Re: Catastrophic changes to PostgreSQL 8.4 - Mailing list pgsql-general

From Sam Mason
Subject Re: Catastrophic changes to PostgreSQL 8.4
Date
Msg-id 20091203113238.GY5407@samason.me.uk
Whole thread Raw
In response to Re: Catastrophic changes to PostgreSQL 8.4  (Kern Sibbald <kern@sibbald.com>)
Responses Re: Catastrophic changes to PostgreSQL 8.4  (Tom Lane <tgl@sss.pgh.pa.us>)
List pgsql-general
On Thu, Dec 03, 2009 at 08:33:38AM +0100, Kern Sibbald wrote:
> Bacula gets the "raw" filename from the OS and stores it on the Volume
> then puts it in the database.  We treat the filename as if it is UTF-8
> for display purposes, but in all other cases, what we want is for the
> filename to go into the database and come back out unchanged.

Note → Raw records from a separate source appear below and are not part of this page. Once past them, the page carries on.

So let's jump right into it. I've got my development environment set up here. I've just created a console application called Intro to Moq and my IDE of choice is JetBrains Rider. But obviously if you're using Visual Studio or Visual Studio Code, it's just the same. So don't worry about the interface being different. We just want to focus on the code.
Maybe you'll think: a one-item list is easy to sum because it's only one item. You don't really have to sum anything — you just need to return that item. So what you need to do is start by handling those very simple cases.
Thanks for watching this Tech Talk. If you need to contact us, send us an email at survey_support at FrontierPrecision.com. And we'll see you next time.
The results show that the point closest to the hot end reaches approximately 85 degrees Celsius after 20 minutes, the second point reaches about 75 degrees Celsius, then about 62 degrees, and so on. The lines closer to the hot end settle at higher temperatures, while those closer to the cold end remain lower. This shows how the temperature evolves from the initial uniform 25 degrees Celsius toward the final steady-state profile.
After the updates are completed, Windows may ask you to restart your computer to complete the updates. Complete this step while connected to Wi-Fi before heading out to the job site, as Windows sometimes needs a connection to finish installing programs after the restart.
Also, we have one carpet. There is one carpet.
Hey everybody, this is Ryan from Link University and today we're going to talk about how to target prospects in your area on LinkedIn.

How about also storing the encoding of the path/filename as well?  This
would allow the restore to do the right thing for display purposes and
also when going to a system that uses a different encoding.  Obviously
you wouldn't know this for Unix derivatives, but for most other systems
this would seem to help.

> On MySQL we use BLOBS.  On PostgreSQL, we TEXT and set the encoding to
> SQL_ASCII so that PostgreSQL will not attempt to do any translation.
> This works well, and I hope that PostgreSQL will continue to support
> letting Bacula insert text characters in the database with no
> character encoding checks in the future.

As others have said; BYTEA is probably the best datatype for you to
use.  The encoding of BYTEA literals is a bit of a fiddle and may need
some changes, but it's going to be much more faithful to your needs of
treating the filename as an opaque blob of data.